Hunting Technique – Scouting

Scouting can take on various forms, but for backpack and other serious backcountry hunters, it typically requires a great deal of effort. Between the drive to the trailhead or jump off point, the hike to location “x”, and days spent covering ground with feet or eyes, it can be the most difficult part of a season’s hunt. Since most of us can afford to spend a limited number of days or weekends in pursuit of game, maximizing effectiveness of scouting trips is key.

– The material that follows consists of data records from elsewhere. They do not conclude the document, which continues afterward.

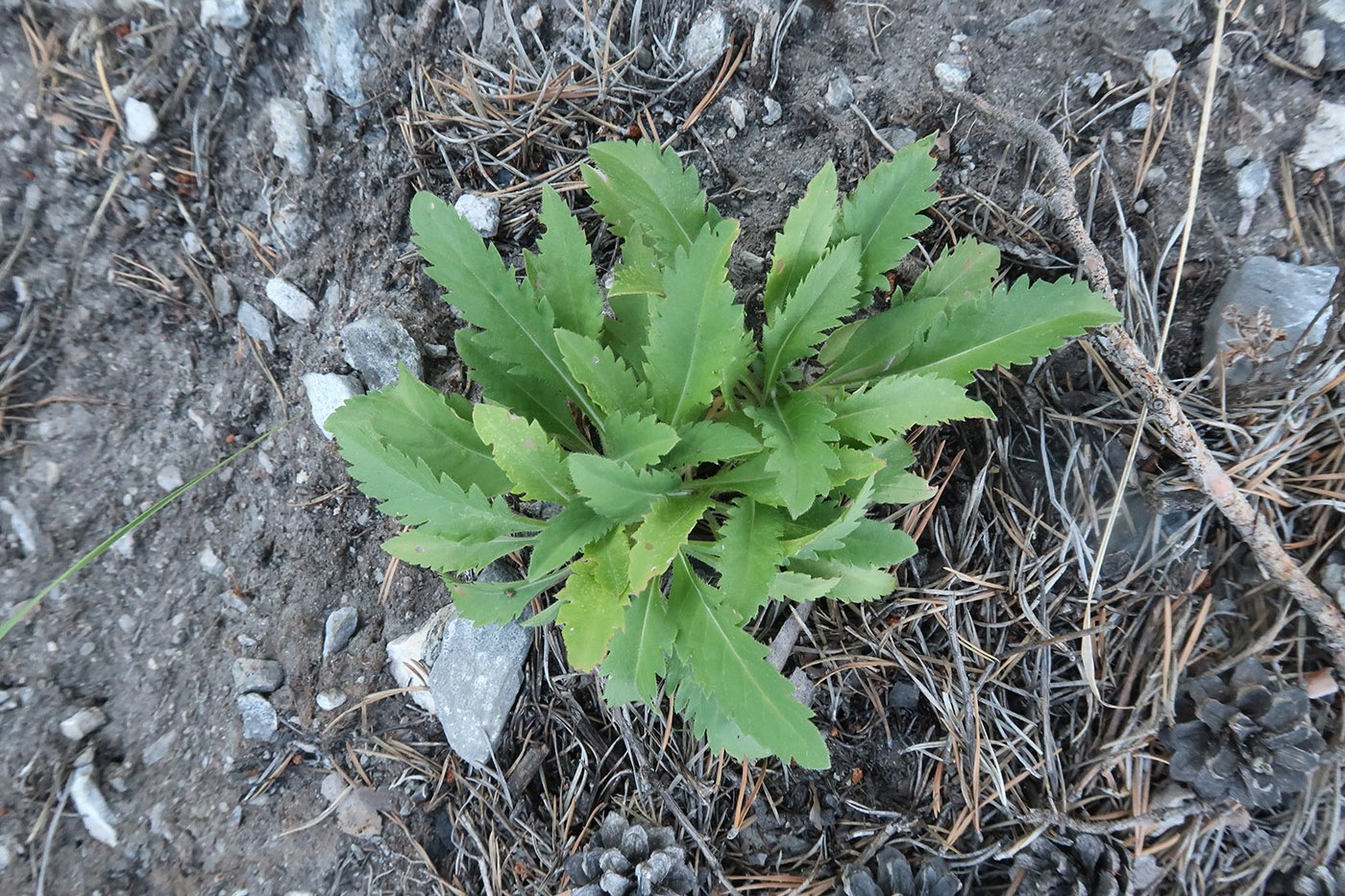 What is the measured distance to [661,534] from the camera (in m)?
1.58

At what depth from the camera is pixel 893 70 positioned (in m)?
2.04

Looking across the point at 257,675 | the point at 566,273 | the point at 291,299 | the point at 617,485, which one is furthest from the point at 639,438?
the point at 257,675

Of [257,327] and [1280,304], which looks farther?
[257,327]

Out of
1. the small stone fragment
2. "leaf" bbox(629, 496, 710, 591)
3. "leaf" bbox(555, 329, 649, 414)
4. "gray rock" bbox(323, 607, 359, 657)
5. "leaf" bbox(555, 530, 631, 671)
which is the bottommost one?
the small stone fragment

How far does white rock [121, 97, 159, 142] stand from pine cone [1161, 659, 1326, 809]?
10.3ft

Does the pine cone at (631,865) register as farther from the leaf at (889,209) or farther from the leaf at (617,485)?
the leaf at (889,209)

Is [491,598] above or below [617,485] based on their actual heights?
below

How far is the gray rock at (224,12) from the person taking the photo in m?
2.13

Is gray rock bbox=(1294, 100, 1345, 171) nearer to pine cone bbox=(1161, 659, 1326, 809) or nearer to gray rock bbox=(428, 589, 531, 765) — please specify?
pine cone bbox=(1161, 659, 1326, 809)

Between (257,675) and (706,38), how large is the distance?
85.2 inches

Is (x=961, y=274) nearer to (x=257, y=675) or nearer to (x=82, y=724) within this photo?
(x=257, y=675)

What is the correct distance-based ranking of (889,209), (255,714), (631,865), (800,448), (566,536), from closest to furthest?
1. (800,448)
2. (566,536)
3. (889,209)
4. (631,865)
5. (255,714)

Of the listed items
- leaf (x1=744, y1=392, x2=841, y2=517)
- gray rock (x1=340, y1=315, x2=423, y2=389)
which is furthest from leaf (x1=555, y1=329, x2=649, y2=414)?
gray rock (x1=340, y1=315, x2=423, y2=389)

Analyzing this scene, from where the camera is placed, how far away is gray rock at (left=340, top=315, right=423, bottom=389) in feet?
6.76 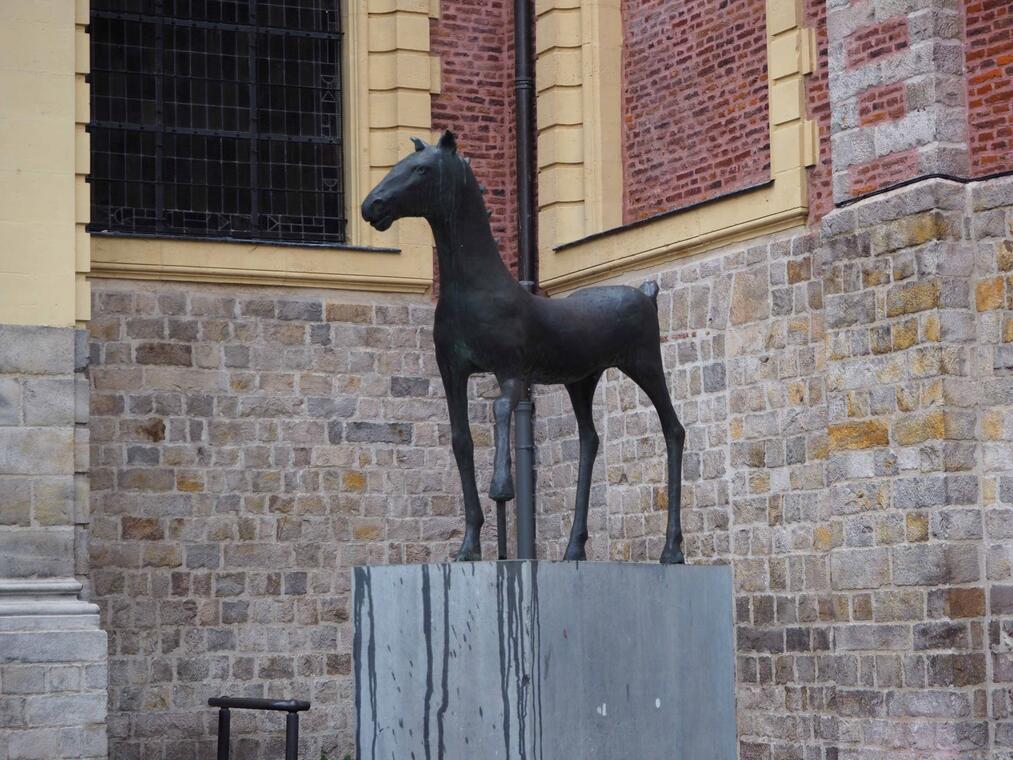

High quality optics are one of, if not the, single greatest tool that we have at our disposal for serious backcountry hunting. The same is true for scouting. Covering miles of terrain with your eyes is the most efficient way to observe animals and get a feel for their habits and range. The more time spent behind your binoculars and spotting scope, the more you will appreciate high end glass.

If you know the location of the wintering grounds for the population that you hunt, early winter can be a good time to do some glassing for genetics and trophy quality. Animals may be on very accessible ranch property, so a quick call or knock on the door of the landowner is a worthwhile prospect. Be sure to go fairly early in the winter, before antlers begin to drop.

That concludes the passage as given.